My mum emptied our kids savings accounts to feed us. She told us when we were older. I held nothing against not having money for a car when she was at the stage where she had to use our birthday money for food.

Pay off the mortgage, give them a good childhood and if you want when you’re older, sell and downsize your home and give them a deposit if you wish. Inheritances usually go to you then them anyway not straight to them.

A saving account is not the same as a trust.
Money left as part of inheritance cannot be dipped into.
It is not OPs money to spend.
We ve had this with so many relatives that think they can take their kids inheritance. After multiple cousins and my db spending loupes of money on solicitors the result was always the same.
Its the kids money, it’s the grandparents choice, no one can take it.

SlightlyJaded · 17/05/2023 14:30

It's easy to talk about moving when they are 27, but you won't want to. You will be clock watching once they hit 24 and starting to dread it.

Not fair on them to bare that responsibility - and actually not fair on you to have to give yourself a self-imposed eviction date.

Even though your financial mess sounds like it's the fault of your ex, you are living above your means. You should close your eyes to the DC inheritance and make a plan that works using YOUR resources. Only exception would be very VERY short term loan.

WideFootWelly · 17/05/2023 14:30

As long as there's a way to do this all legally then I'd go for it.

You're investing in property - and giving them somewhere nice to live, and a nice life. It's in their best interests.

However, I'd be very strict with what I did with the spare money. You were paying £500 a month mortgage before, is this still affordable, with a decent quality of life?
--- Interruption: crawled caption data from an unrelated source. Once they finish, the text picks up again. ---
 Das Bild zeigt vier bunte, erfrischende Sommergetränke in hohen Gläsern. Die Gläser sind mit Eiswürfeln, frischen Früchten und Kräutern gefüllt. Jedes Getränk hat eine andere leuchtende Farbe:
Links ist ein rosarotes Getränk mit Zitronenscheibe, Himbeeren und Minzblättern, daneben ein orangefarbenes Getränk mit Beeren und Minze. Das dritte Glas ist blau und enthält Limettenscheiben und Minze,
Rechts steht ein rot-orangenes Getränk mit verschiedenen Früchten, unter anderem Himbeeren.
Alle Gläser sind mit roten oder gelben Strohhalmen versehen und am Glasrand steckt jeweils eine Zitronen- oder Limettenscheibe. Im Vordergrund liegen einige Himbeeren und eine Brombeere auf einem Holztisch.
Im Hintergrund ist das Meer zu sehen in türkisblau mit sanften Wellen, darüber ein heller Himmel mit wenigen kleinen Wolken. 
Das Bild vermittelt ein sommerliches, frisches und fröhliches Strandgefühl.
Invest that £500/month. Forget it exists. Get advice on this, low risk investment with a steady increase predicted. Ideally dividends too. (Mutual funds/exchange-traded funds).
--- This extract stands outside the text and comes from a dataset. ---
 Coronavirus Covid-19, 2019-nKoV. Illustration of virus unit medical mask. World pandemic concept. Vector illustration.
That £500/month will grow over 15 years. Sit tight and forget about it until you need it.

You're not stealing from your children. You're giving them the best life possible in the circumstances. It'll help no one if you lose the house and have nowhere to live, and then nothing to leave to them as inheritance.
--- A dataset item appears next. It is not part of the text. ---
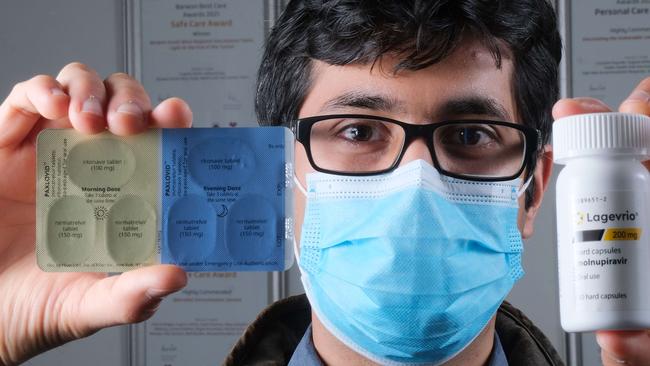 Their are new antiviral drugs available for Covid19 patients in Geelong .Pictured with the drugs ( left) PAXLOVID (both nirmatrelvir and ritonavir tablets) and Lagrevio molnupirivar    is Dr.  Arvind Yerramilli Picture: Mark Wilson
123sunshine · 17/05/2023 14:30

The Trust would have to cotninue and it would be the Trust that purchased the share of the property. Care would need to be taken when selling the property as a discretionry Trust has its own taxation regime and capital gains tax is higher for a Trust. However Trustees can also claim principal private residence (PPR) relief on the disposal of residential property that has been occupied by a beneficiary of the Trust as their only or main residence (so you would need to very much be careful about the children in the future, that home would need to be there only or main residence at 27 when you sold otherwise you would inccur a Capital Gains Tax liability on disposal) . The Trust would buy the % of the property and then on sale would still own the same %, so would beenfit from any gains (or of course losses). It is a higher risk investment strategy than leaving funds on deposit, however given your circumstances I can undertand your thought process entirely. I think whislt it could work in the shoert term, there is issues a plety for the future. Take legal advice. I havent read every post but you obviously have financial issues on being unable to remortgage, can you do a product switch with your existing provider at all which may bring down your mortgage payments? this wouldnt involve having an affordability assessment.

GnomeDePlume · 17/05/2023 14:31

If DCs own a significant proportion of the family home how will costs for improvements/repairs be covered? A new boiler, roof repairs, maybe an extension.

What happens if you decide to move? Do they get their share back?

How much say will they get as they get older? At this age they are relatively pliant. In late teens or early 20s they may have stronger opinions.